The Jimi Hendrix song that made Stevie Ray Vaughan weep

No one, not even the most sneering hardcore and black metal fans, can seriously doubt the playing ability of Jimi Hendrix. Although mainstream accounts of iconic musicians are so often loaded with hyperbole, the American axeman revolutionised the guitar. His time in the sun might have been brief, but it speaks volumes that he changed music and the six-string in just a handful of years, with everyone from Black Sabbath to Stevie Ray Vaughan and John McGeoch fans of the late icon.

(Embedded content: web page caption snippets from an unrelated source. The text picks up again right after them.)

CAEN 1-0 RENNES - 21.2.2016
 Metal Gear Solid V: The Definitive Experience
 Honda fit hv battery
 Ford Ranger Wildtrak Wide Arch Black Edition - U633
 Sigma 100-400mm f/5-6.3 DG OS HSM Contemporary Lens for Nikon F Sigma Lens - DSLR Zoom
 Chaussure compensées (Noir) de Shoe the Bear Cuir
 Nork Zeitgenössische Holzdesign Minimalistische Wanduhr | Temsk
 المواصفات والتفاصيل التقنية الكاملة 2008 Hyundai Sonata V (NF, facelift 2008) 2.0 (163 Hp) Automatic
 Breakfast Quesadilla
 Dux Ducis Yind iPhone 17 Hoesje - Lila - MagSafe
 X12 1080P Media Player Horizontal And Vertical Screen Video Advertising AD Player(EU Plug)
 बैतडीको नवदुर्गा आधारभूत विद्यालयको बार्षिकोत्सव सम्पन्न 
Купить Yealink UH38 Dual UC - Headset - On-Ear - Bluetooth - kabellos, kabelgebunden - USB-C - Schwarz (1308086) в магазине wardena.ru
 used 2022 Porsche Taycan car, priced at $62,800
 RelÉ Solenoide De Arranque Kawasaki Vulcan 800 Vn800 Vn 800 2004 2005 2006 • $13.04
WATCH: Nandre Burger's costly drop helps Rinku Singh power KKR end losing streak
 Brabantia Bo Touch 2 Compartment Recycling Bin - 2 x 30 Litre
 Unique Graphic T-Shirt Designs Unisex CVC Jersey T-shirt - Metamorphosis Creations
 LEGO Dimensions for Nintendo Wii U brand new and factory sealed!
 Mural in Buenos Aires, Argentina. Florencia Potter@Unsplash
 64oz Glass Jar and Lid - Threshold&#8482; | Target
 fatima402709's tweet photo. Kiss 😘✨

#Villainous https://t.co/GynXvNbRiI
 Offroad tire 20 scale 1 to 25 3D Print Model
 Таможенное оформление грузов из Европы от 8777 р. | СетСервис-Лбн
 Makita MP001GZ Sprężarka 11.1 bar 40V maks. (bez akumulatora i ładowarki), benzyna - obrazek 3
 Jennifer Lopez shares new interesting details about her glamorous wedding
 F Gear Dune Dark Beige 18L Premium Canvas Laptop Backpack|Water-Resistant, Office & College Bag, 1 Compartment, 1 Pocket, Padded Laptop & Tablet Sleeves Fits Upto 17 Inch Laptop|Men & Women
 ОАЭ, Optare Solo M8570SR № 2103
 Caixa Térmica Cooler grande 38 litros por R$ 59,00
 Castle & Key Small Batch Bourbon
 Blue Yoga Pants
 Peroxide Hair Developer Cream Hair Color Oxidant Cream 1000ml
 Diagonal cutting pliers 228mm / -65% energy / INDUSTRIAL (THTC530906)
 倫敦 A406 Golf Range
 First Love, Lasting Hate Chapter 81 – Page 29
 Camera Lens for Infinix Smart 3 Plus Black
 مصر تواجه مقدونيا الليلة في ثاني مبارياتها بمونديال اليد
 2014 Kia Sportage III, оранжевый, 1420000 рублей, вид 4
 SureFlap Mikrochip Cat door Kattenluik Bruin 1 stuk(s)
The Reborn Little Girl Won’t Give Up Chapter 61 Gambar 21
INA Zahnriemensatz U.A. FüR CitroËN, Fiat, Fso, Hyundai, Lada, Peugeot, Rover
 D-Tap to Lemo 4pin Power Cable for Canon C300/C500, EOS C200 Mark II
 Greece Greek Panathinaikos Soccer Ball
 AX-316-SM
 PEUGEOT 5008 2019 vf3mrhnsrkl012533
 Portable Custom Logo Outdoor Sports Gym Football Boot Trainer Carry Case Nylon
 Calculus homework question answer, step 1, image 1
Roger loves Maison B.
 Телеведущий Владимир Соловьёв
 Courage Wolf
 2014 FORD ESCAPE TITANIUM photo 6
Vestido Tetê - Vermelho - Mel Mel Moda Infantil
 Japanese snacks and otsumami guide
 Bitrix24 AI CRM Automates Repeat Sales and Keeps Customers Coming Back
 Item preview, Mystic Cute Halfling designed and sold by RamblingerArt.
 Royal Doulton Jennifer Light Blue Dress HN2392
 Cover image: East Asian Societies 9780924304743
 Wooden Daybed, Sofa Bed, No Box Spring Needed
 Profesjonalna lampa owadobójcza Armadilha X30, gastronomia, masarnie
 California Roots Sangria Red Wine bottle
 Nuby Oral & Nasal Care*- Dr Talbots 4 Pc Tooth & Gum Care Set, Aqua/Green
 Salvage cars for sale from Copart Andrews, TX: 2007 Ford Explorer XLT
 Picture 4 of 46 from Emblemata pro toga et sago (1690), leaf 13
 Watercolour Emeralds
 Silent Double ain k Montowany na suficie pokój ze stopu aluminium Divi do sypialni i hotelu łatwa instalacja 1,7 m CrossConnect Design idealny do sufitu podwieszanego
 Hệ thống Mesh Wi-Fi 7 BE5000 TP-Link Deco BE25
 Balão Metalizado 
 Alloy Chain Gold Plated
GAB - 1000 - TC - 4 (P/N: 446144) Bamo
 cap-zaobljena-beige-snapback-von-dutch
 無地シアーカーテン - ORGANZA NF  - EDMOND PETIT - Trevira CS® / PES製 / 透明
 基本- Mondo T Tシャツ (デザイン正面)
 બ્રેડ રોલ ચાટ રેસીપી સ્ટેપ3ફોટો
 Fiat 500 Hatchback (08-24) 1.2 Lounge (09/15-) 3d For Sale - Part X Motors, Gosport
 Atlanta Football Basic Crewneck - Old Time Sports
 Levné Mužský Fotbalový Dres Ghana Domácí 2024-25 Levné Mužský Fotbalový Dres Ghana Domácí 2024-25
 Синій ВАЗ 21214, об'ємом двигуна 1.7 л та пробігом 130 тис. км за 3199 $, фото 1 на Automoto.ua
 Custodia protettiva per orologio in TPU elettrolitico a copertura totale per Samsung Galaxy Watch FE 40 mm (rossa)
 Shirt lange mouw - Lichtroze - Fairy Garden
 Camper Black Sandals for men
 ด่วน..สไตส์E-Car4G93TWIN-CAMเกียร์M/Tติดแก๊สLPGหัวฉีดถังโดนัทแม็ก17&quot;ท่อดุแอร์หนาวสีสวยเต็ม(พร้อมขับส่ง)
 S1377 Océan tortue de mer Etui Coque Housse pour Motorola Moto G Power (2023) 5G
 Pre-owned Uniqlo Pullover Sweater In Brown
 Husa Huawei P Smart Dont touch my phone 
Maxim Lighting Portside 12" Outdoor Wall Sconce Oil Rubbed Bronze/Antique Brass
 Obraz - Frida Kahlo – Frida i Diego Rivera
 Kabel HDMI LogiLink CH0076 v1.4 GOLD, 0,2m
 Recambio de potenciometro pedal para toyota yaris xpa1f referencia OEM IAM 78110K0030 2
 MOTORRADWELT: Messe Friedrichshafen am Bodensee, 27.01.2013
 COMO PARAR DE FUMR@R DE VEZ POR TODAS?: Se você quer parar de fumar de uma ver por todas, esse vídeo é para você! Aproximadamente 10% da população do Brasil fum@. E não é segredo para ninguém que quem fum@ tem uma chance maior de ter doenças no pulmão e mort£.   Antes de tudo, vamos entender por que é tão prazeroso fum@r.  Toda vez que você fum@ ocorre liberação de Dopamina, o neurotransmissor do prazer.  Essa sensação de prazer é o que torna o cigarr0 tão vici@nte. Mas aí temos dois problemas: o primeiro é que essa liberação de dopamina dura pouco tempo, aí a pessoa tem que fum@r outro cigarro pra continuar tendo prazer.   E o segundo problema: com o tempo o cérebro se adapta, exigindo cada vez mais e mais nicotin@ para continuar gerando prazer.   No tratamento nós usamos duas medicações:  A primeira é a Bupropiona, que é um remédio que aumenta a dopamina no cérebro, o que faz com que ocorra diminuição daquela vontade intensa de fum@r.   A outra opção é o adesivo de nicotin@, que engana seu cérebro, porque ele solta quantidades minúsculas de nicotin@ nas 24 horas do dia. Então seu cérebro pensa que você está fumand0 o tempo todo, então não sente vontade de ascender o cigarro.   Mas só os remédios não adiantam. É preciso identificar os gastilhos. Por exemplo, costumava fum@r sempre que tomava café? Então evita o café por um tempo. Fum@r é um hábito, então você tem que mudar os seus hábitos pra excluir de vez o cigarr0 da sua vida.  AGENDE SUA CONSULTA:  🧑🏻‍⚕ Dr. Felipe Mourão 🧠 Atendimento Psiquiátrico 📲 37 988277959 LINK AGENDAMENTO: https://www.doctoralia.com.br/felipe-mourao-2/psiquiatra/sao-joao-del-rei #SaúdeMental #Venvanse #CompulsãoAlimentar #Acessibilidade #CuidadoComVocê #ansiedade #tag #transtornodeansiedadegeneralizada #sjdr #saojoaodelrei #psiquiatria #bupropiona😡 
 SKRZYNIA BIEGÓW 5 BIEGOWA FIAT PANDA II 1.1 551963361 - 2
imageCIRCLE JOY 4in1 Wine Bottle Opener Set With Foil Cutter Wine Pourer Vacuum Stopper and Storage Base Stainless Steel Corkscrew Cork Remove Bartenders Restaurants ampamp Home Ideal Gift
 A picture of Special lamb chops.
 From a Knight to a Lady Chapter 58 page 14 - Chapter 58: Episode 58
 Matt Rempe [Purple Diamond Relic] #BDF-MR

While we often concentrate on Hendrix’s blazing din as heard in the likes of ‘Voodoo Chile’, ‘Purple Haze’ and the proto-metal masterwork, ‘Spanish Castle Magic’, he was a player who effectively straddled the line between the elements. For every moment of scalding, pulsating rock, he conjured ones of ice-cool melodic splendour, where he fused his innovative and heavy proclivities with the expressive nous of the blues that initially inspired him. Just take his cover of Bob Dylan’s ‘All Along the Watchtower’, for instance. It’s one of his most important tracks and sits comfortably in the small but effective nexus between heaviness, hardness and melody.

Just as there were times when Hendrix leaned more into sheer heaviness than intricate melody, there were also moments when he reversed course, crafting deeply moving passages of intense tenderness. Just one listen to ‘Angel’ or ‘Little Wing’ reveals how profoundly Hendrix could explore this emotional spectrum through his playing. His real achievement was in being such a versatile and dynamic guitarist.

One man who understood the melodic intenseness of Hendrix better than most was Stevie Ray Vaughan. The Texan Stratocaster-wielding maestro is one of the many notable artists who probably wouldn’t have existed without the ‘Purple Haze’ star. Although his work on David Bowie’s Let’s Dance would make him a household name, Vaughan’s own efforts, such as his 1983 debut Texas Flood, a staple of the blues-rock genre, show his prowess on the fretboard and how he expertly took aspects of Hendrix’s sound and moulded them in his image.

Vaughan was always open about the influence of Hendrix on his style and was one of the only artists to cover one of his songs successfully. His instrumental version of ‘Little Wing’ is exceptional and was rightly dubbed one of his definitive performances after his tragic 1990 death.

Model Melinda Merryweather, who befriended Jimi Hendrix while he was filming Chuck Wein’s Rainbow Bridge in Maui, Hawaii, shared that she once played Vaughan a track Hendrix had written for her. The song moved him to tears. She recalled that just before he left the island, Hendrix recorded an acoustic demo titled Scorpio Woman, later featured on the posthumous compilation Morning Symphony Ideas.

“He couldn’t read or write music, so he would play into a little tape recorder … for eight or nine hours … (and then) take that back to the studio and build the song around it,” she said. “I played it for Stevie Ray Vaughan, and he just broke down and cried because he didn’t realise Jimi (also) had to struggle (with the song-writing process)”.

The Hendrix estate wanted professional musicians to finish the song, as well as the sound of him getting up to answer the phone removed from the demo, but Merryweather insisted it stay in its raw state. “I’m going, ‘God, that’s the whole beauty of it,’” she concluded. “It’s all just so precious and beautiful and rich.”

It remains a rare capture of Hendrix in a natural state; no wonder it had such an effect on Vaughan. It clearly wasn’t just Hendrix’s sheer melodic aptitude. Hearing your hero doing in such an environment must have been incredibly profound.